Inflammatory bowel disease (IBD), which consists of Crohn’s disease and ulcerative colitis, is defined as a chronic inflammation of the gastrointestinbal tract. The etiopathogenetic mechanisms underlying the development of IBD are still not completely understood, and the therapeutic strategies used thus far have been limited to mostly evidence-based principles. There is growing evidence that the pro-inflammatory cytokine interleukin (IL)-6 plays a crucial part in the uncontrolled intestinal inflammatory process, which is a main characteristic of IBD. There is elevated production of IL-6 and its soluble receptor (sIL-6R) by intestinal macrophages and CD4⁺ T-cells. The increased formation of IL-6-sIL-6R complexes that interact with gp130 on the membrane of CD4⁺ T-cells (trans-signaling) lead to an increased expression and nuclear translocation of STAT3, which causes the induction of anti-apoptotic genes, such as Bcl-xl.
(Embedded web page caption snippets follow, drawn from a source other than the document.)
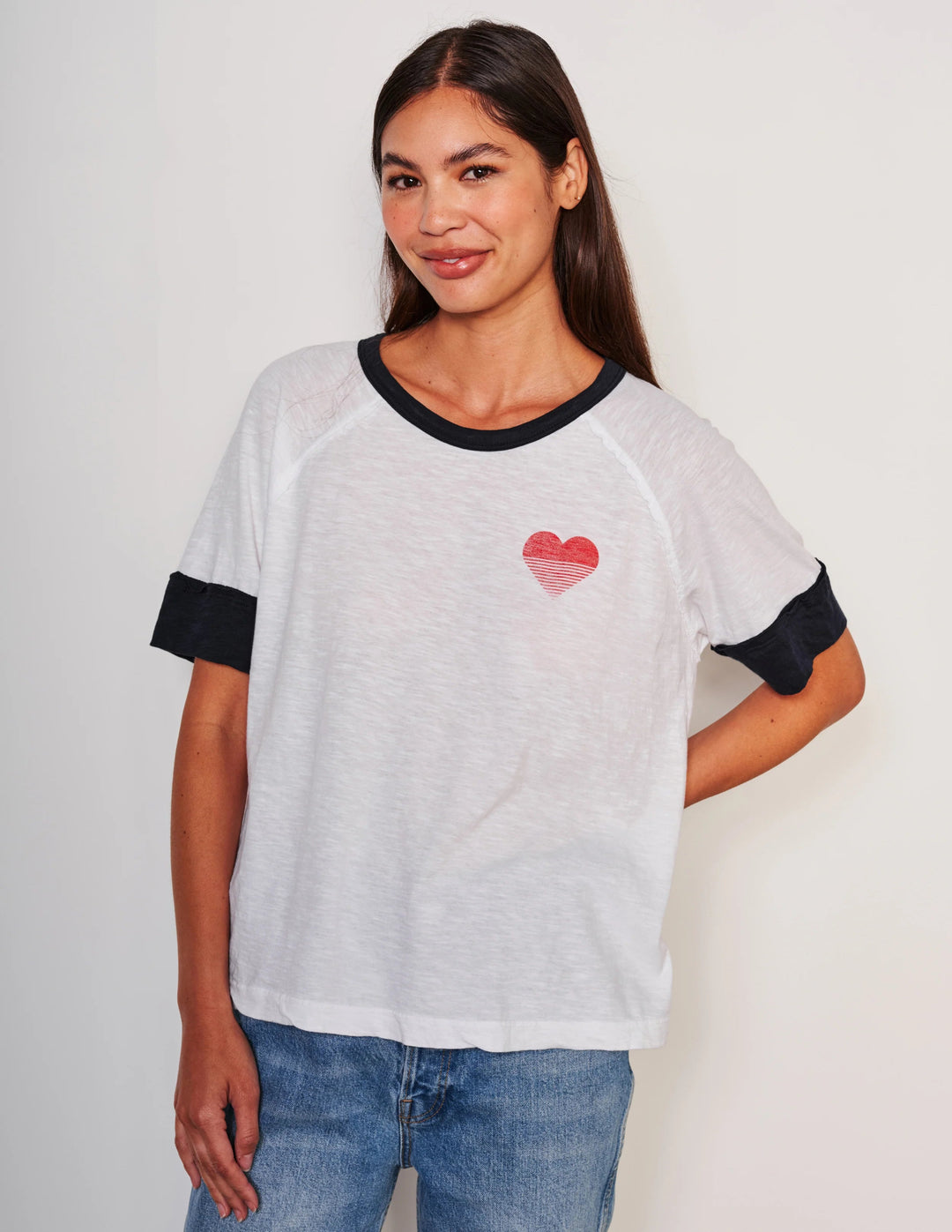 Sundry - Heart Boyfriend Tee - Kalifornia Jean Bar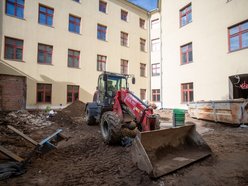 Rewitalizacja. Kamienica przy Wschodniej pięknieje. Podwórko będzie przykuwać uwagę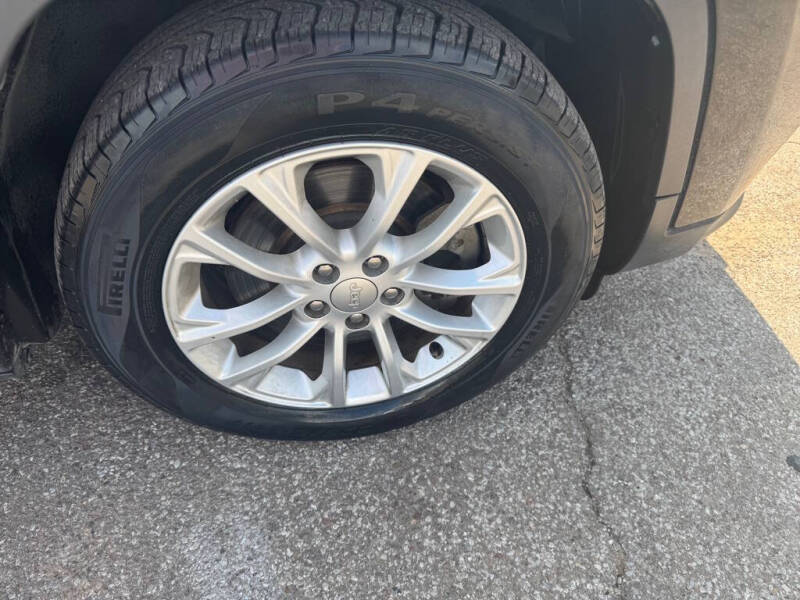 2020 Jeep Cherokee Latitude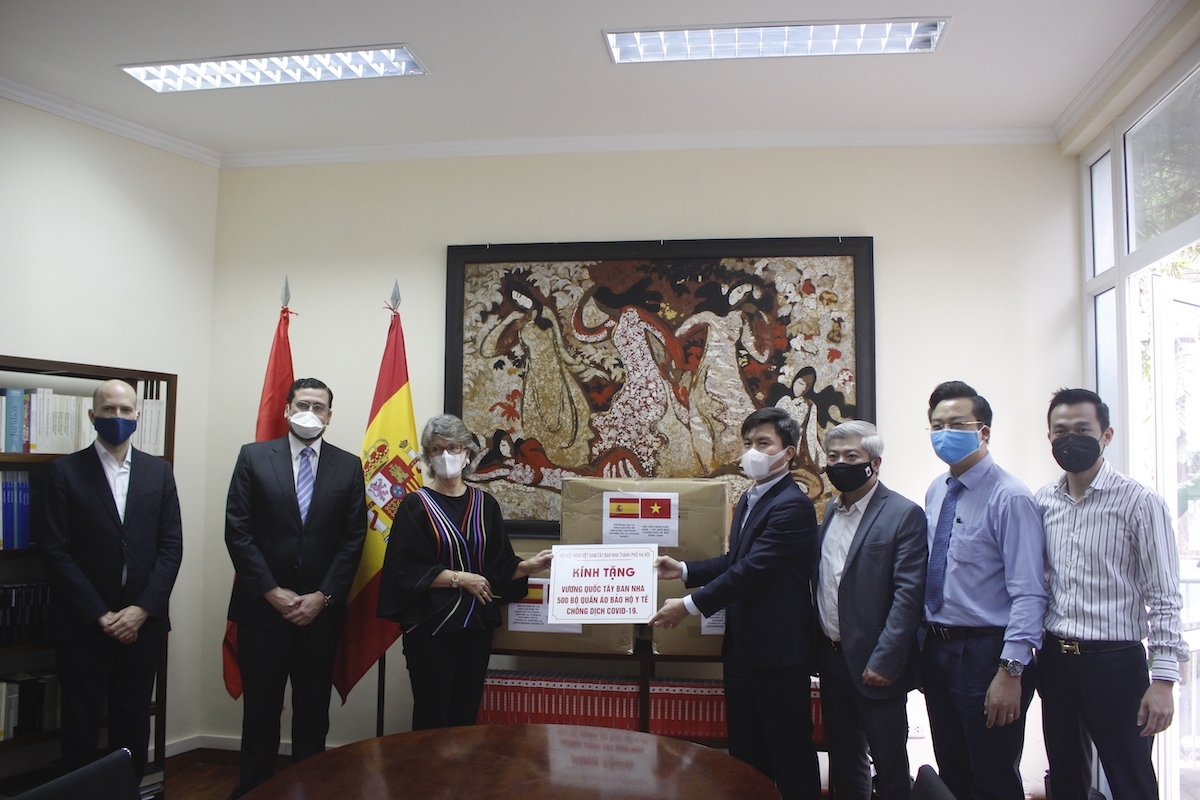 spanish ambassador never forget the deep affection of vietnamese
This leads to an augmented resistance of lamina propria T-cells to apoptosis. The ensuing T-cell expansion contributes to the perpetuation of chronic intestinal inflammation. This understanding concerning the predominant pathogenic role of an IL-6-dependent inflammatory cascade may lead to the development of new therapeutic strategies in the treatment of this disease. Recent studies have also suggested a potential role of IL-6-sIL-6R in the pathogenesis of colon cancer and, therefore, imply a possible novel therapeutic strategy targeting the sIL-6R and ensuing IL-6 trans-signaling.